Of course, the primary concern for investors is the $6.6 billion goodwill impairment. But Teladoc’s strategy to care for the ‘whole person,’ including physical and mental health, and central to this is its expansion into chronic healthcare.

Accordingly, it purchased chronic condition specialist Livongo in 2020 for $18.5 billion. Now, the goodwill nature of the impairment charge is a tacit admission that Teladoc significantly overpaid for its acquisition. However, the case is not yet clear-cut, as Livongo is still being integrated into Teladoc’s platform and could eventually help turbocharge growth.

It’s worth noting that the strategy is working from a revenue standpoint; and with 78% of total Q1 sales multiproduct, most customers are using Teladoc for multiple healthcare needs.

Cathie Wood’s ARK Invest is the largest shareholder in Teladoc through its various Exchange Traded Funds. And despite the Q1 share price collapse, the conviction investor bought an additional 600,000 shares, arguing that ‘Teladoc is becoming the healthcare information backbone of the United States… a category killer during the next five to 10 years.’

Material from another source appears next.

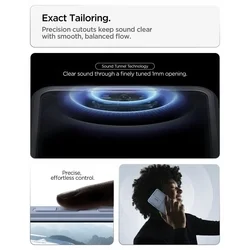 Telefontok Samsung Galaxy S26 Ultra - SPIGEN OPTIK ARMOR csúsztatható kameravédős kék hátlap tok-7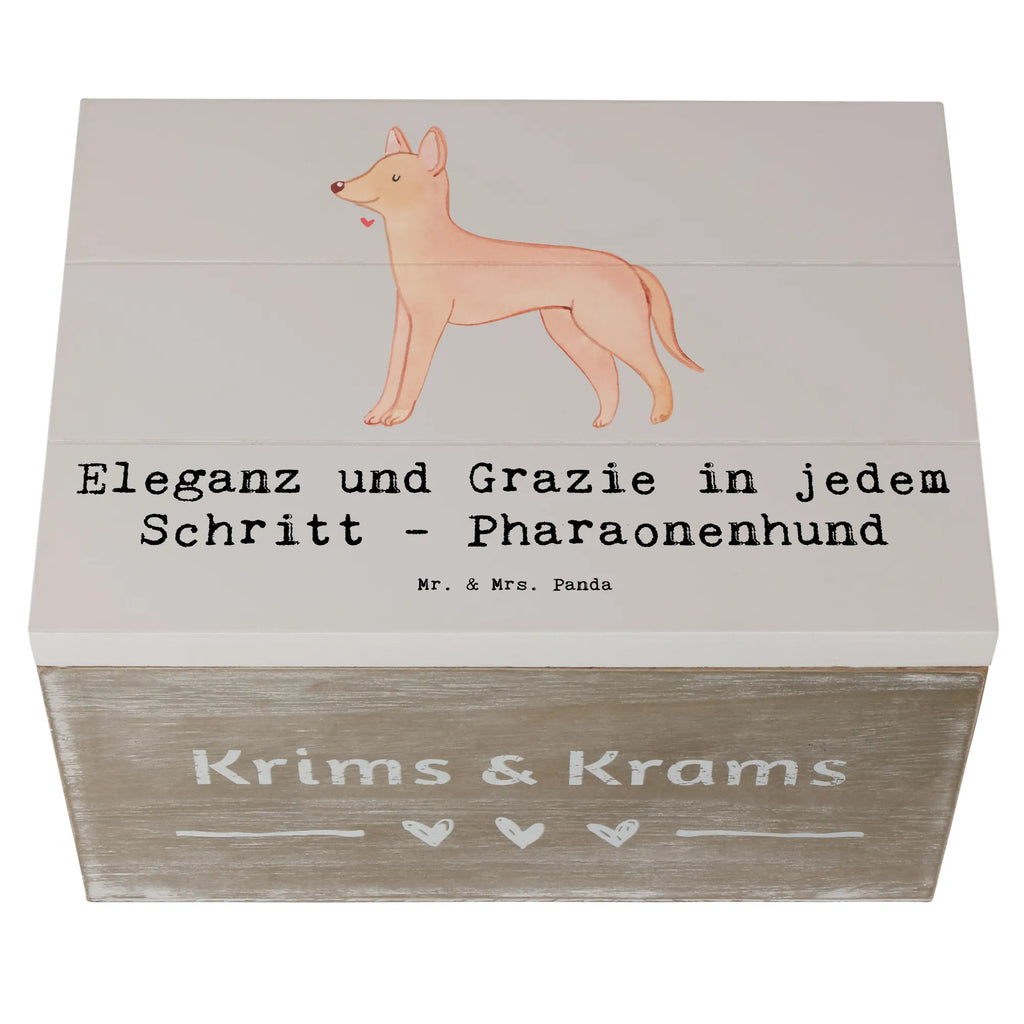 Holzkiste Eleganter Pharaonenhund Holzkiste, Kiste, Schatzkiste, Truhe, Schatulle, XXL, Erinnerungsbox, Erinnerungskiste, Dekokiste, Aufbewahrungsbox, Geschenkbox, Geschenkdose, Hund, Hunderasse, Rassehund, Hundebesitzer, Geschenk, Tierfreund, Schenken, Welpe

But Jason Benowitz at Roosevelt Investment Group warns ‘aggressive growth managers that benefited by holding pandemic winners over the last two years may struggle in the current environment, and ARK is no exception.’

Wood’s other household name tech holdings, including Zoom, Block, Coinbase, Roku, and Spotify, have suffered massive drops over the past few months.

But Teladoc is still expecting to continue with rapid revenue growth. And despite not yet turning a profit, the impairment charge is now baked into its current share price.

Gorevic is ‘confident in our strategy, along with our breadth and depth of capabilities.’ Teladoc’s share price could make a swift recovery soon.